C’est là où Seven devient plus qu’un simple thriller. Le film de Fincher nous met face à un dilemme moral sans réponse définitive : à quel moment le bien que l’on croit faire devient-il un mal pour l’autre ? Quand les règles de la société ne sont plus suffisantes pour maintenir l’équilibre, qui sommes-nous pour juger ce qui est juste et ce qui ne l’est pas ?
Seven ne nous donne pas de réponses, mais il nous confronte à un univers où l’on se rend compte que, parfois, nos actions les plus vertueuses peuvent se retourner contre nous, tout comme la quête de justice absolue peut se transformer en un mal pur, si radical qu’il en devient incompréhensible. La folie de John Doe réside non seulement dans la mise en œuvre de son plan, mais dans la réinterprétation de la justice elle-même : il condamne la société non seulement pour ses crimes, mais pour sa tentative de rendre absolue une notion de bien et de mal qui, par définition, n’a de sens que dans un contexte humain, limité et relatif.

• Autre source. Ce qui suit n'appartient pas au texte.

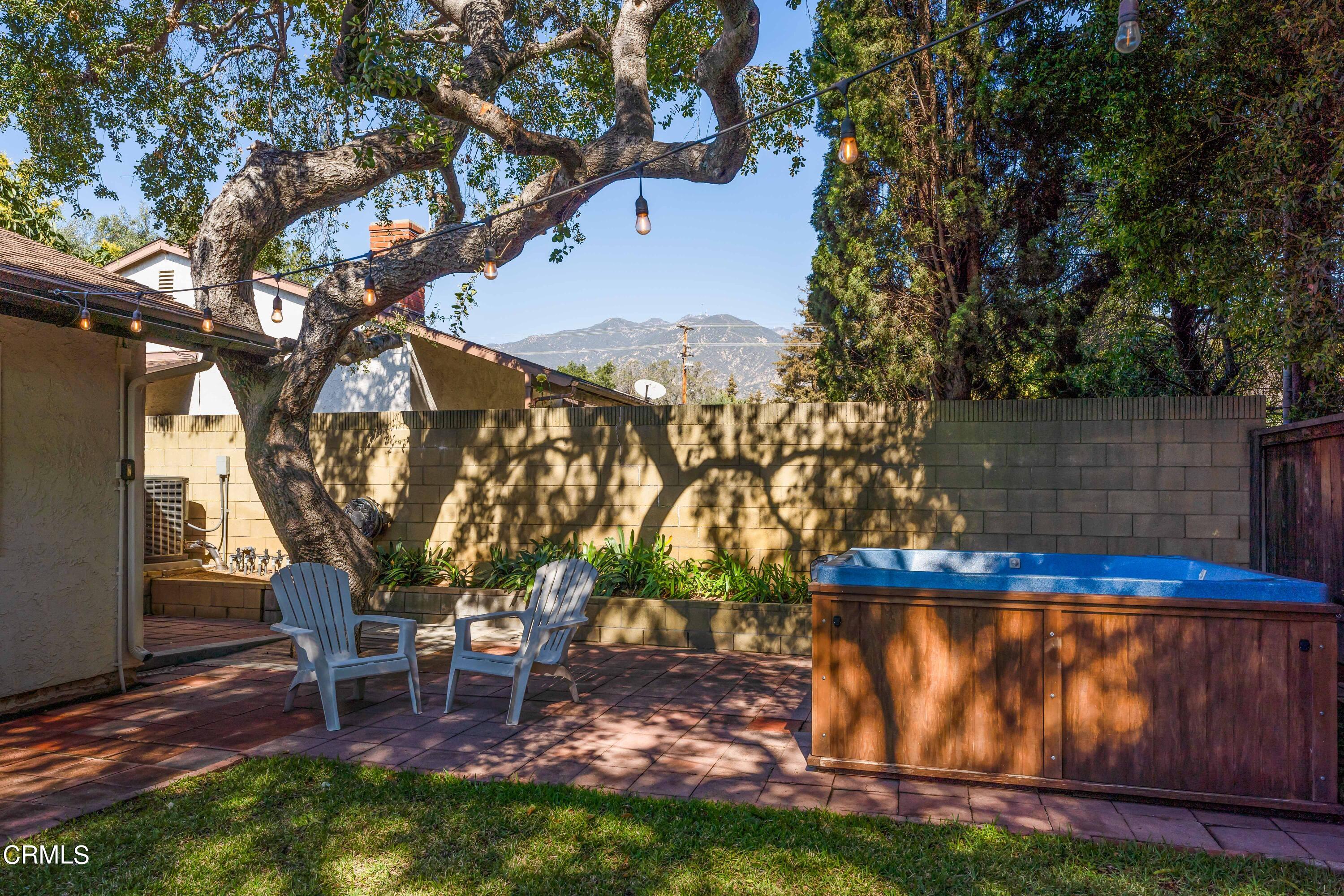 1038 Leandra Lane Arcadia, CA 91006 - Photo 33 of 36 a view of outdoor space with seating area and trees around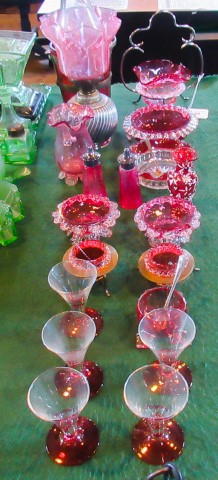 A collection of cranberry glass, to include: oil lamp, ice bucket, salts,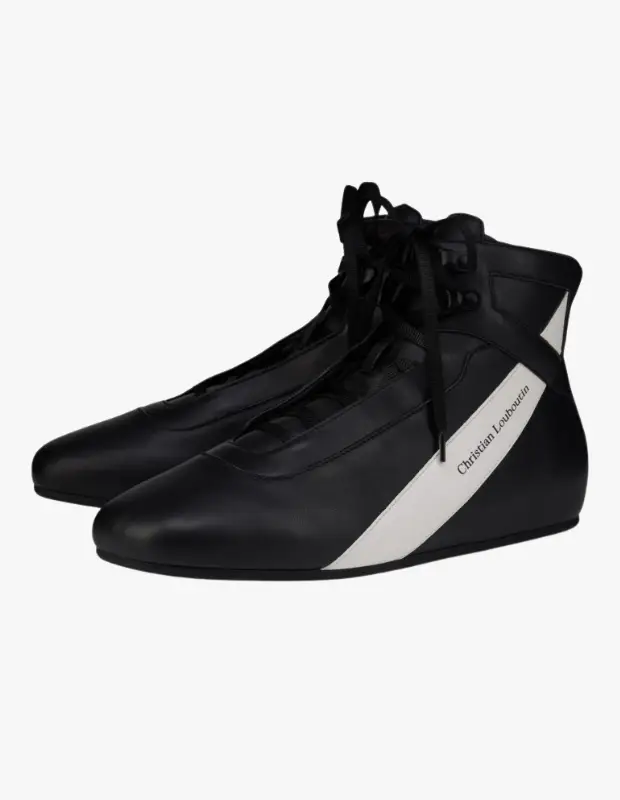 Beyaz bir zeminde duran, Christian Louboutin marka, yanlarında beyaz çapraz bir şerit ve üzerinde Christian Louboutin yazısı olan, bağcıklı ve bilekli iki adet siyah erkek spor ayakkabısı, markanın zarif Sonbahar Kış koleksiyonunu temsil ediyor.
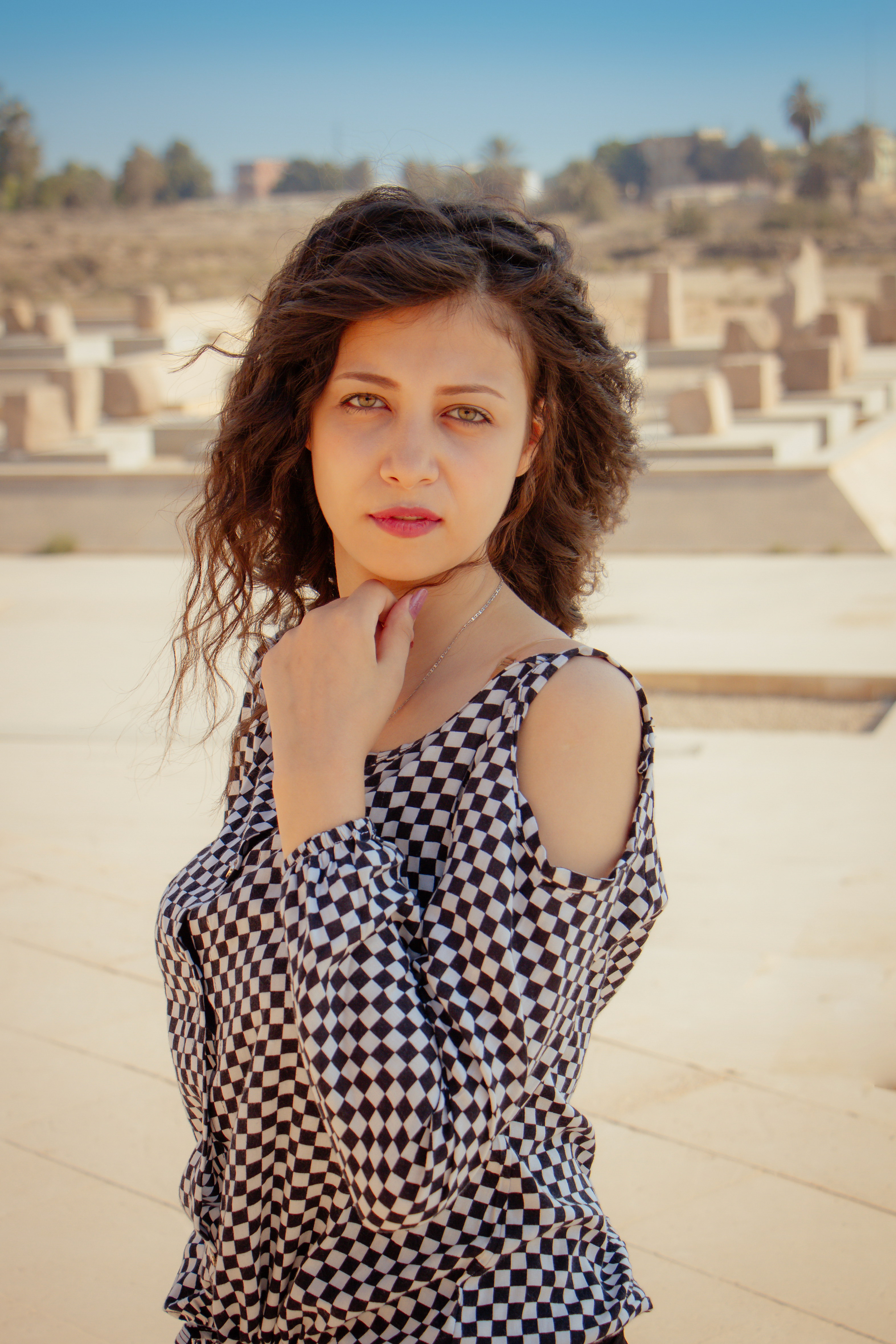 Stylish portrait of a woman in a checkered dress outdoors in Cairo.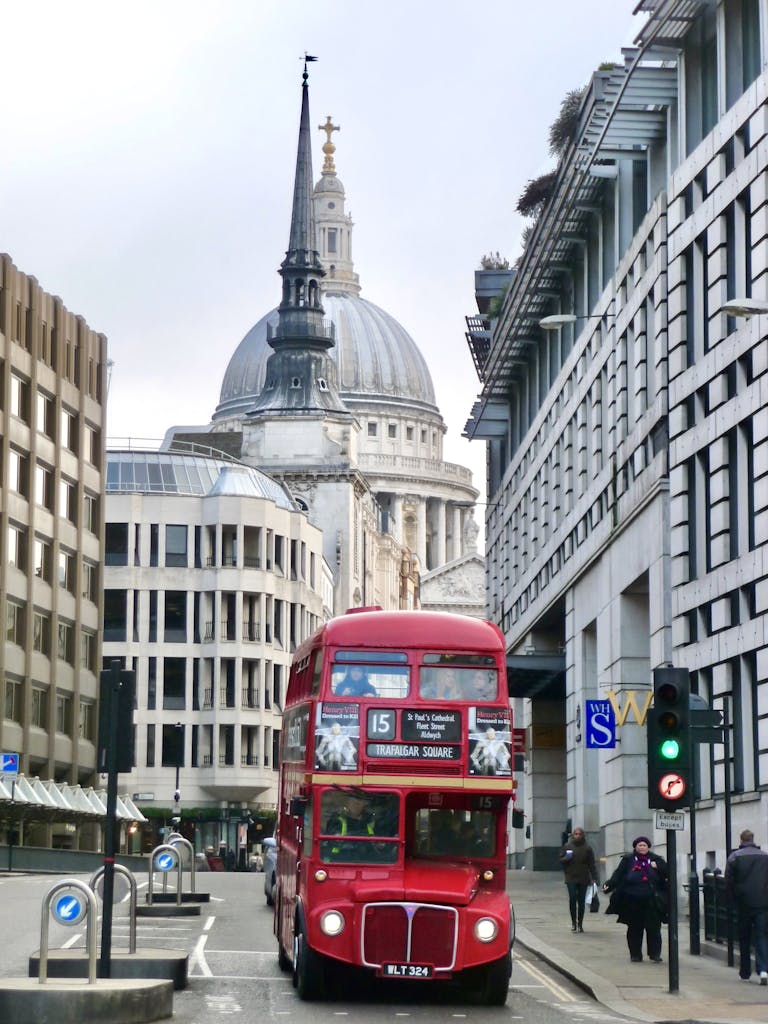 A classic red double-decker bus in front of St Paul's Cathedral, capturing London's charm.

En fin de compte, Seven est une exploration des paradoxes inhérents à notre perception du monde et à la manière dont nous appliquons des jugements. Fincher nous met face à cette vérité inconfortable : nous construisons des cadres de moralité et de justice pour nous-mêmes, mais ces cadres, lorsqu’ils sont poussés à l’extrême, révèlent leur propre fragilité, leurs propres contradictions. C’est dans cette tension que Seven trouve sa puissance : le film ne propose pas de solution, il nous laisse avec la question de savoir si la justice radicale de John Doe est plus juste que celle du système, ou si elle n’est qu’une autre forme de folie. Le message de Fincher, si tant est qu’il y en ait un, est aussi simple qu’effrayant : ne jamais se croire en possession de la vérité absolue.